What the fleshing out intends to convey depends on the user and is coloured by factors like their culture, perspective and motivation. It is not necessarily a neutral, objective observation.
The intent behind its inclusion is not always devoid of bias, or without agenda. "An elderly grandmother" was used relentlessly by the alt-right to undermine the perception that Hillary was strong enough and well enough to take on a presidential role.
Going back to the example on this thread, "An elderly woman, 74" might reflect that a reporter had been informed (but as yet not allowed to report) that the missing woman was suffering from frailties we associate with advanced years.
Depending on the circs of how she went overboard, it might be setting up an image to underline how defenceless she was, if she was pushed for example.
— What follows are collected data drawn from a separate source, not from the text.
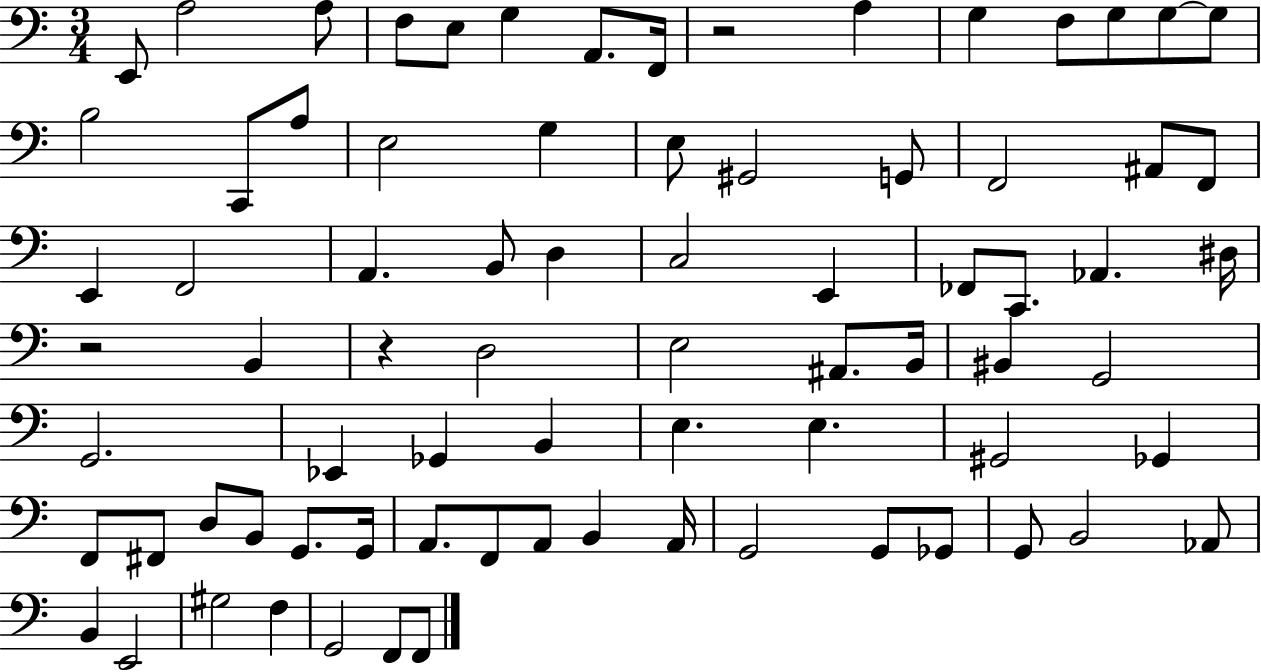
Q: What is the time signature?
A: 3/4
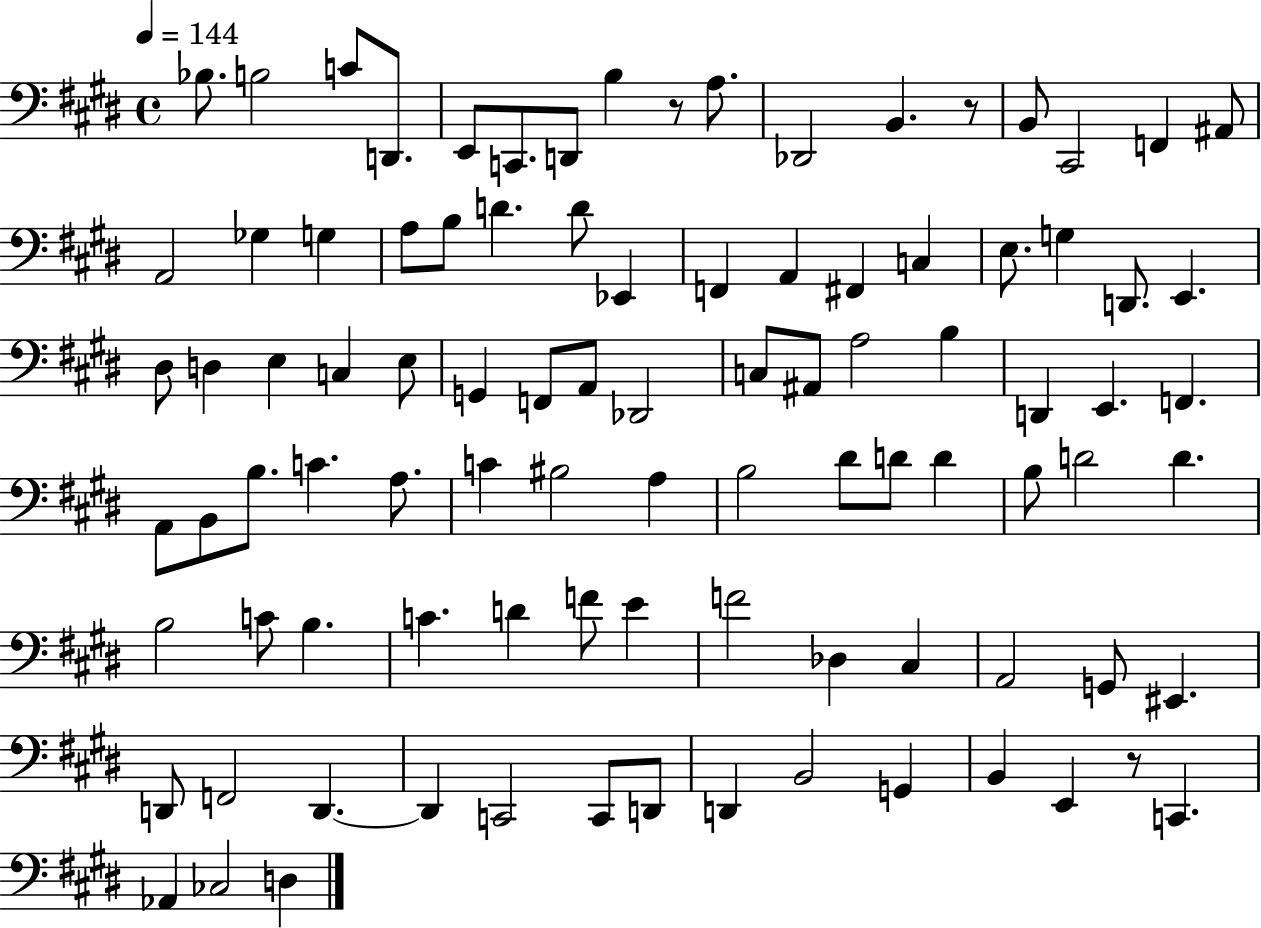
{
  \clef bass
  \time 4/4
  \defaultTimeSignature
  \key e \major
  \tempo 4 = 144
  \repeat volta 2 { bes8. b2 c'8 d,8. | e,8 c,8. d,8 b4 r8 a8. | des,2 b,4. r8 | b,8 cis,2 f,4 ais,8 | \break a,2 ges4 g4 | a8 b8 d'4. d'8 ees,4 | f,4 a,4 fis,4 c4 | e8. g4 d,8. e,4. | \break dis8 d4 e4 c4 e8 | g,4 f,8 a,8 des,2 | c8 ais,8 a2 b4 | d,4 e,4. f,4. | \break a,8 b,8 b8. c'4. a8. | c'4 bis2 a4 | b2 dis'8 d'8 d'4 | b8 d'2 d'4. | \break b2 c'8 b4. | c'4. d'4 f'8 e'4 | f'2 des4 cis4 | a,2 g,8 eis,4. | \break d,8 f,2 d,4.~~ | d,4 c,2 c,8 d,8 | d,4 b,2 g,4 | b,4 e,4 r8 c,4. | \break aes,4 ces2 d4 | } \bar "|."
}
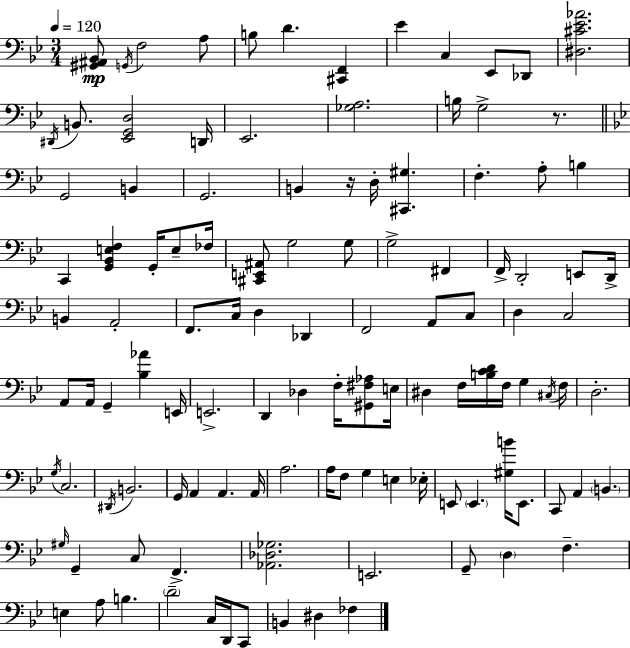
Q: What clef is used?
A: bass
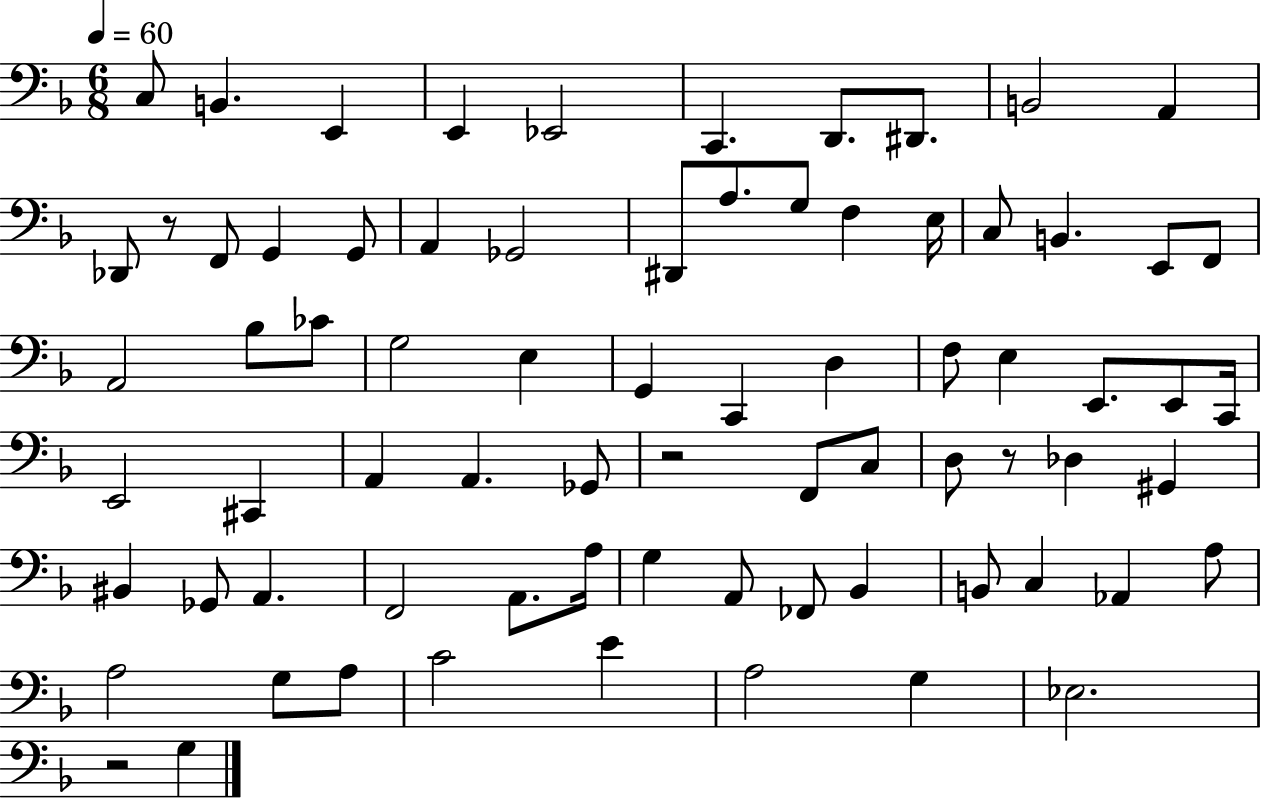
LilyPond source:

{
  \clef bass
  \numericTimeSignature
  \time 6/8
  \key f \major
  \tempo 4 = 60
  c8 b,4. e,4 | e,4 ees,2 | c,4. d,8. dis,8. | b,2 a,4 | \break des,8 r8 f,8 g,4 g,8 | a,4 ges,2 | dis,8 a8. g8 f4 e16 | c8 b,4. e,8 f,8 | \break a,2 bes8 ces'8 | g2 e4 | g,4 c,4 d4 | f8 e4 e,8. e,8 c,16 | \break e,2 cis,4 | a,4 a,4. ges,8 | r2 f,8 c8 | d8 r8 des4 gis,4 | \break bis,4 ges,8 a,4. | f,2 a,8. a16 | g4 a,8 fes,8 bes,4 | b,8 c4 aes,4 a8 | \break a2 g8 a8 | c'2 e'4 | a2 g4 | ees2. | \break r2 g4 | \bar "|."
}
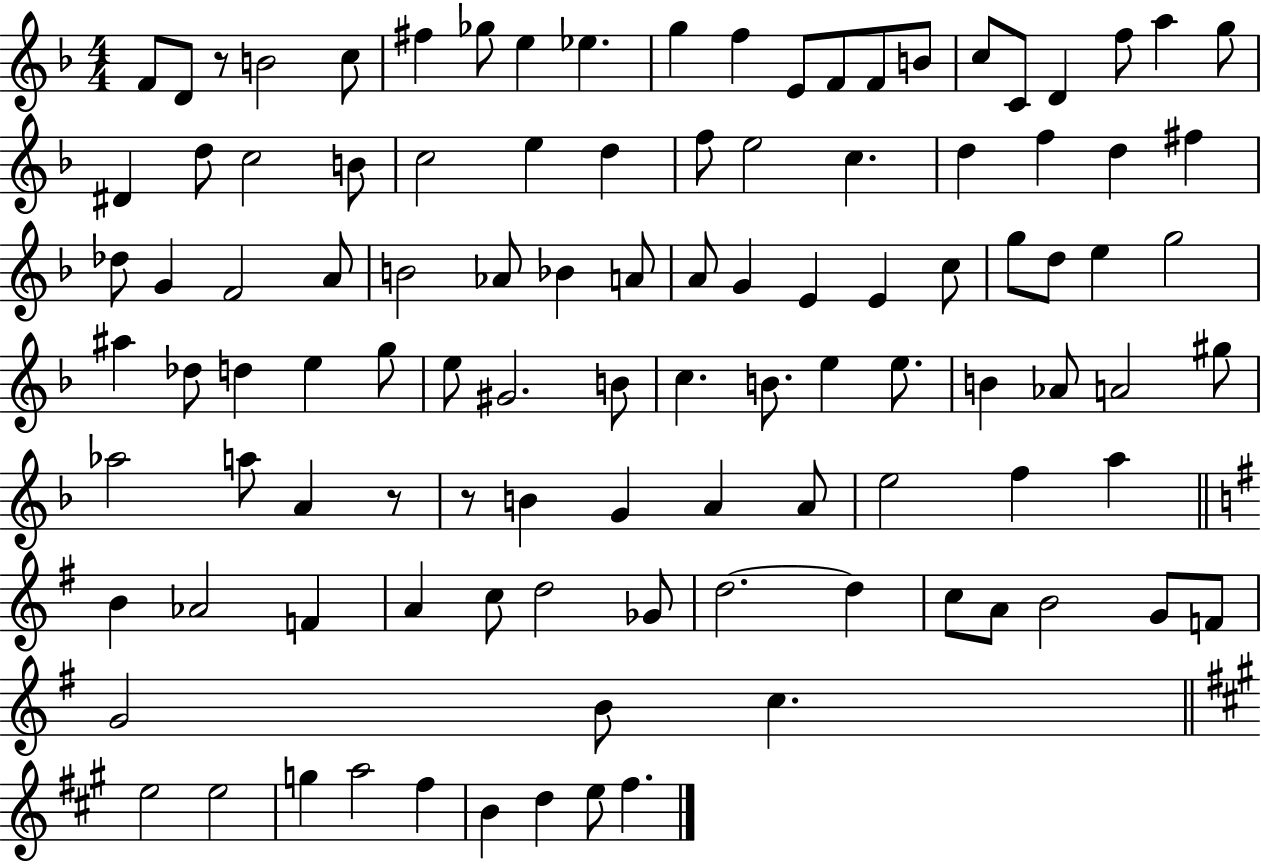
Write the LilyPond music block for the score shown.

{
  \clef treble
  \numericTimeSignature
  \time 4/4
  \key f \major
  \repeat volta 2 { f'8 d'8 r8 b'2 c''8 | fis''4 ges''8 e''4 ees''4. | g''4 f''4 e'8 f'8 f'8 b'8 | c''8 c'8 d'4 f''8 a''4 g''8 | \break dis'4 d''8 c''2 b'8 | c''2 e''4 d''4 | f''8 e''2 c''4. | d''4 f''4 d''4 fis''4 | \break des''8 g'4 f'2 a'8 | b'2 aes'8 bes'4 a'8 | a'8 g'4 e'4 e'4 c''8 | g''8 d''8 e''4 g''2 | \break ais''4 des''8 d''4 e''4 g''8 | e''8 gis'2. b'8 | c''4. b'8. e''4 e''8. | b'4 aes'8 a'2 gis''8 | \break aes''2 a''8 a'4 r8 | r8 b'4 g'4 a'4 a'8 | e''2 f''4 a''4 | \bar "||" \break \key g \major b'4 aes'2 f'4 | a'4 c''8 d''2 ges'8 | d''2.~~ d''4 | c''8 a'8 b'2 g'8 f'8 | \break g'2 b'8 c''4. | \bar "||" \break \key a \major e''2 e''2 | g''4 a''2 fis''4 | b'4 d''4 e''8 fis''4. | } \bar "|."
}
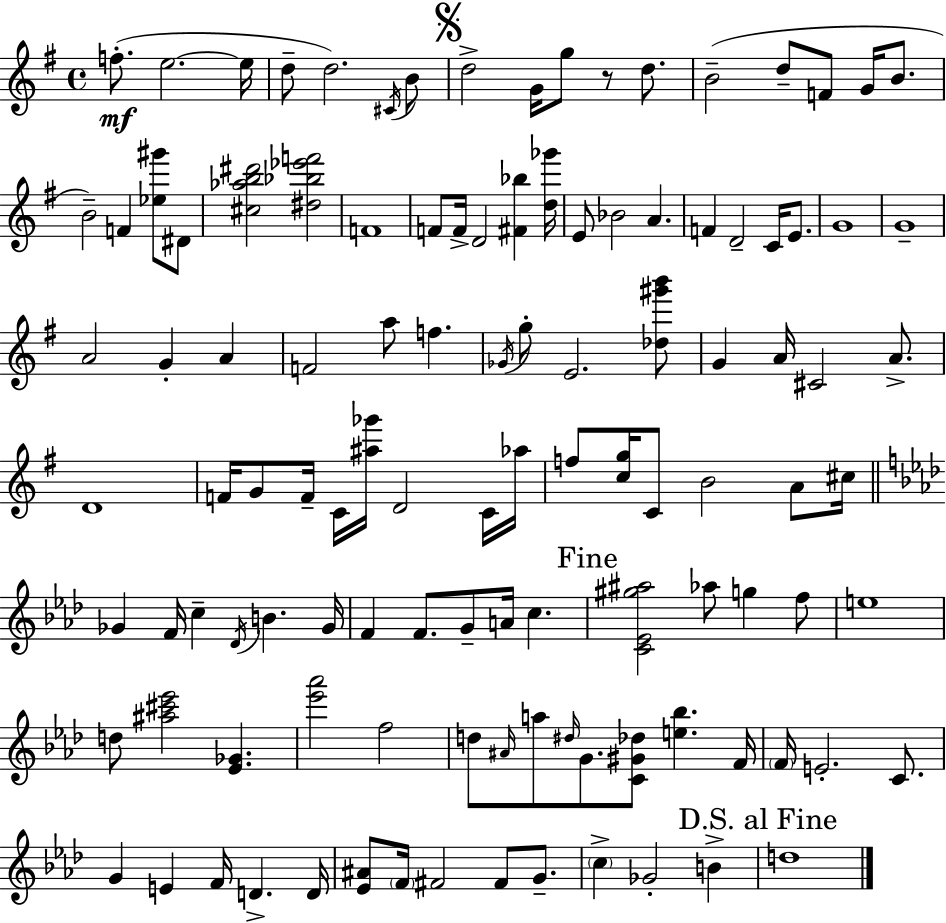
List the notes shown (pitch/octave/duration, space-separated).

F5/e. E5/h. E5/s D5/e D5/h. C#4/s B4/e D5/h G4/s G5/e R/e D5/e. B4/h D5/e F4/e G4/s B4/e. B4/h F4/q [Eb5,G#6]/e D#4/e [C#5,Ab5,B5,D#6]/h [D#5,Bb5,Eb6,F6]/h F4/w F4/e F4/s D4/h [F#4,Bb5]/q [D5,Gb6]/s E4/e Bb4/h A4/q. F4/q D4/h C4/s E4/e. G4/w G4/w A4/h G4/q A4/q F4/h A5/e F5/q. Gb4/s G5/e E4/h. [Db5,G#6,B6]/e G4/q A4/s C#4/h A4/e. D4/w F4/s G4/e F4/s C4/s [A#5,Gb6]/s D4/h C4/s Ab5/s F5/e [C5,G5]/s C4/e B4/h A4/e C#5/s Gb4/q F4/s C5/q Db4/s B4/q. Gb4/s F4/q F4/e. G4/e A4/s C5/q. [C4,Eb4,G#5,A#5]/h Ab5/e G5/q F5/e E5/w D5/e [A#5,C#6,Eb6]/h [Eb4,Gb4]/q. [Eb6,Ab6]/h F5/h D5/e A#4/s A5/e D#5/s G4/e. [C4,G#4,Db5]/e [E5,Bb5]/q. F4/s F4/s E4/h. C4/e. G4/q E4/q F4/s D4/q. D4/s [Eb4,A#4]/e F4/s F#4/h F#4/e G4/e. C5/q Gb4/h B4/q D5/w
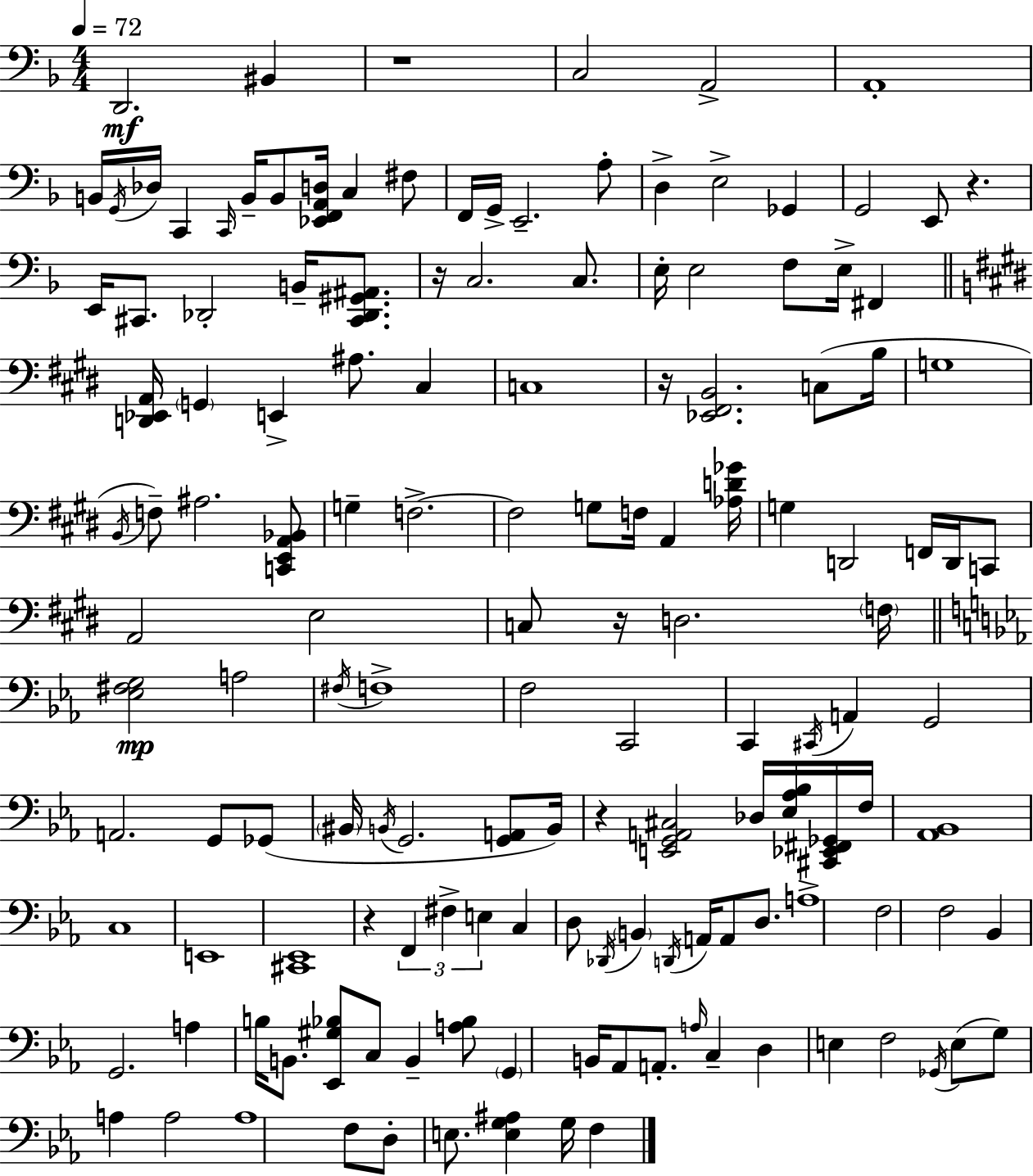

Or prepping an intended story line to explain a suicide. Or creating a hypothetical basis for an accident. Or to underline just how mysterious her going overboard was, cos her being able to climb over barriers like a spritely mountain goat was a long shot.
On the other hand, it might just reflect that the reporter is a fairly young snotbag, who thinks everybody over 50 is pretty much past it, and is subconsciously thinking "let's not get too excited about this particular case cos she had one and half feet in the grave already".
It is also possible there was a minimum word count for the report. There was little info to be had, so it functioned as padding and "old" felt too blunt.
Words mean not just what they mean in a purely prescriptive sense. How we use them, why we use them, brings layer upon layer of communication on top.
And it is bloody fascinating.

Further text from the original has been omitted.